I need some help translating something.  I live with 3 people.  One of which is a good friend of mine and the others I recently met.  They started writing in Polish on the white board in our living room and I know my name and my friends name is on it.  With online translators, I was able to tell that they are bragging that we can't read anything they write but I cannot make out the rest.  I'm assuming that it is either spelled wrong or bad grammar so I need a human to look at it.  This is what it says:

*Justynka dost aje pieska a szymonka i katarzyna nic nie wiedza. HUJ CIW DUPE!

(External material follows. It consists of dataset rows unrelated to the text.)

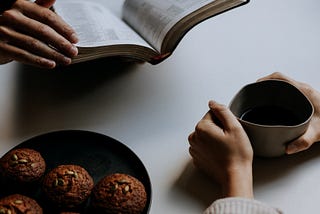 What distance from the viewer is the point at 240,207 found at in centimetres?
73

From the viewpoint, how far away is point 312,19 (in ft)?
3.98

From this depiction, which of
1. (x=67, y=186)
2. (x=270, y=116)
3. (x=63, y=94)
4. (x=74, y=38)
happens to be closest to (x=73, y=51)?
(x=74, y=38)

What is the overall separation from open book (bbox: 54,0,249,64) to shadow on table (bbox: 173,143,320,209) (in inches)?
9.7

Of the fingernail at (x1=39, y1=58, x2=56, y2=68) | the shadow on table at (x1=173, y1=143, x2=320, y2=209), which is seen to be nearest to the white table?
the shadow on table at (x1=173, y1=143, x2=320, y2=209)

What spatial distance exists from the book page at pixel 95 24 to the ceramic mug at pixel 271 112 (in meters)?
0.24

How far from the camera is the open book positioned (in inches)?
37.5

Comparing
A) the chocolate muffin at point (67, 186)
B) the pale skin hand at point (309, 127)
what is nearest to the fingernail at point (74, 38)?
the chocolate muffin at point (67, 186)

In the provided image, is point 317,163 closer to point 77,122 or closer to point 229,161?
point 229,161

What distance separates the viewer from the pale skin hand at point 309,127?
33.2 inches

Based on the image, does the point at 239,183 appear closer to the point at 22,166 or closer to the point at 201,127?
the point at 201,127

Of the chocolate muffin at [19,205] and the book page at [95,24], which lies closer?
the chocolate muffin at [19,205]

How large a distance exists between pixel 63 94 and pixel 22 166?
0.85 feet

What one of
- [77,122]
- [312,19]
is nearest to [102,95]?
[77,122]

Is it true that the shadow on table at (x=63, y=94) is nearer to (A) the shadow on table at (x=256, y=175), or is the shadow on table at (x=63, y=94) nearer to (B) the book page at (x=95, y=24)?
(B) the book page at (x=95, y=24) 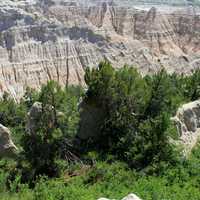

*As you can tell, 3 of those words are names.  When typing this into translators, they suggested the following possible mistakes:

dost aje = dostaje
huj=chuj
dupe=dupek

Can someone please given me an idea of what this says?  
Thank you,
Concerned1


----------



## NotNow

Justynka is getting a little dog but Szymonka and Katarzyna don't know anything (about it). Fuck!


----------



## concerned1

Why would they say Fuck!.  Are they bragging/laughing that we can't read what they're saying?  Or are they really excited about the puppy?

Thank you so much
Concerned1


----------



## NotNow

I can only translate what is written.  I cannot explain it without much more context.  An explanation would be pure speculation on my part, anyways.


----------



## concerned1

Okay.  Thank you very much.


----------



## Ben Jamin

NotNow said:


> Justynka is getting a little dog but Szymonka and Katarzyna don't know anything (about it). Fuck!


It is rather "fuck you". (Even more rude than in English). Are they adolescents?


----------



## NotNow

Now I see: it's _chuj cię w dupę_, right?  I missed the _cię_. 

Thanks.


----------



## Ben Jamin

NotNow said:


> Now I see: it's _chuj cię w dupę_, right?  I missed the _cię_.
> 
> Thanks.


No its " _chuj (cock, nominative) ci (you, dative),  w dupę (into arse, locative)". Meaning: "may you be arse fucked". 10 points of 10 on the scale of rudeness and vulgarity. _


----------



## concerned1

They are actually college students.  I decided not to play games and approach them about it and they tried to pretend like they had nothing to do with it and then proceeded to get an attitude with me about it.  It was one of the more juvenile conversations of my life.  I guess they didn't like get caught mocking us in front of our faces.  My roommate (friend) and I have no idea what would've caused these sudden hostilities.  

I appreciate the help everyone.  Thank you.


----------